The OBR also forecast that CPI inflation, which stands at 3%, would fall back to its 2% target by the end of 2018.
Borrowing for the 2017/18 fiscal year was revised down by £4.7bn to £45.2bn, Hammond said, adding "there is light at the end of the tunnel."
The new forecasts for net borrowing as a percentage of GDP are 1.8% for 2018/19, 1.6% for 2019/20, 1.3% for 2020/21, 1.1% for 2021/22 and 0.9% for 2022/23.
For 2018/19 there will be a small surplus in day-to-day spending with debt to peak at 85.6% this year before falling to 77.9% in 2022/23. The debt forecast is 1% lower than in November.
Looking at employment, Hammond said he expected to see 500,000 more people in work by 2022.
"We are building a Britain fit for the future and an economy that works for everyone," Hammond said.
The Chancellor talked up "substantial progress" on the Brexit talks so far and said he looks forward to "another important step forward next week at the European Council", when negotiating teams meet.
Hammond added the Treasury will today publish information about how the £1.5bn set aside for Brexit planning will be spent.
He did not acknowledge the OECD report, published earlier today, which said of the UK economy: "High inflation continues to damp real household income growth and consumer spending, and business investment is slowing, amidst continued uncertainty about the future relationship between the UK and the EU".
Hetal Mehta, senior European economist at Legal & General Investment Management, said: "After significant downgrades to growth and upward revisions to borrowing requirements just in November, the OBR has now revised up growth (for the near term) and taken down the borrowing forecasts over the next five years.
"That said we do not expect Hammond to go on a spending splurge in the Autumn Budget.

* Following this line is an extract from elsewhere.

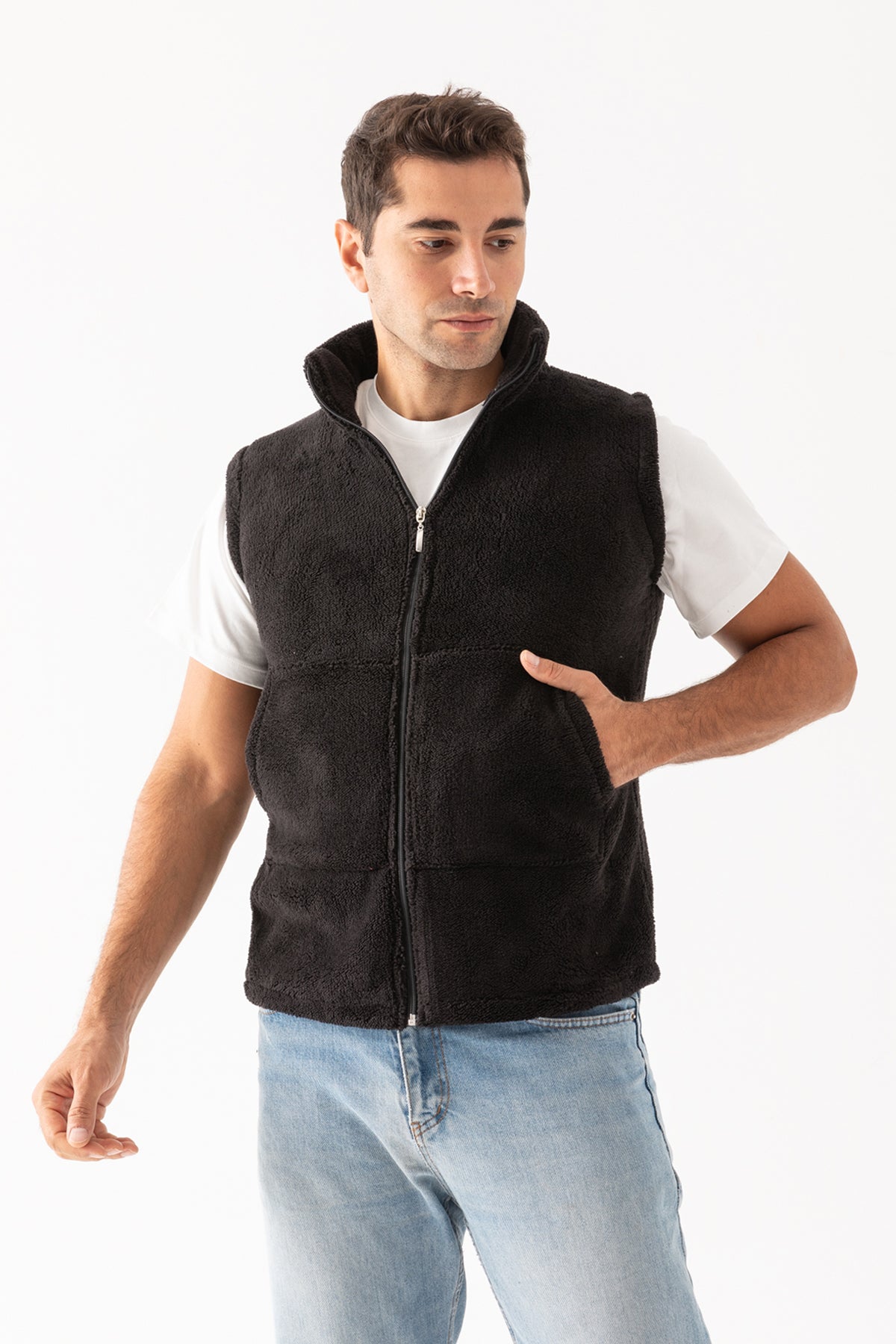 Erkek Siyah Kolsuz Astarsız Fermuarlı Peluş Yelek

He will likely save the extra room for manoeuvre ahead of the next election and to cushion any downside risks emerging from the UK's departure from the EU."
Russ Mould, investment director at AJ Bell, said: "Even if the stock market looks to be shrugging, the debt markets look to be pleased, judging by how the yield on the 10-year gilt, or government bond, has fallen back below 1.50% today, well below February's 1.65% high.
"The OBR's minor cuts to its estimates for inflation for 2018-19 and 2019-20, to 1.8% and 1.9%, may help a little on this front, too, also giving the Bank of England breathing space when it comes to its latest interest rate decision next Thursday.
"All of this helps anyone with a mortgage, at least indirectly, so neither the Chancellor's long-term debt-reduction policy nor his statement today should be taken lightly."
Ian Stewart, chief economist at Deloitte, said: "These forecasts put the UK in a better position to face the moment of truth on Brexit. The decision phase of the Brexit talks will shortly be upon us. Stronger public finances give Hammond more firepower to support the economy if the Brexit talks don't go according to plan.
"We should not get carried away. These forecasts are likely to be no less fallible than earlier ones and, despite an improving trend in public borrowing, the burden of debt in the UK is still at its highest in over 50 years."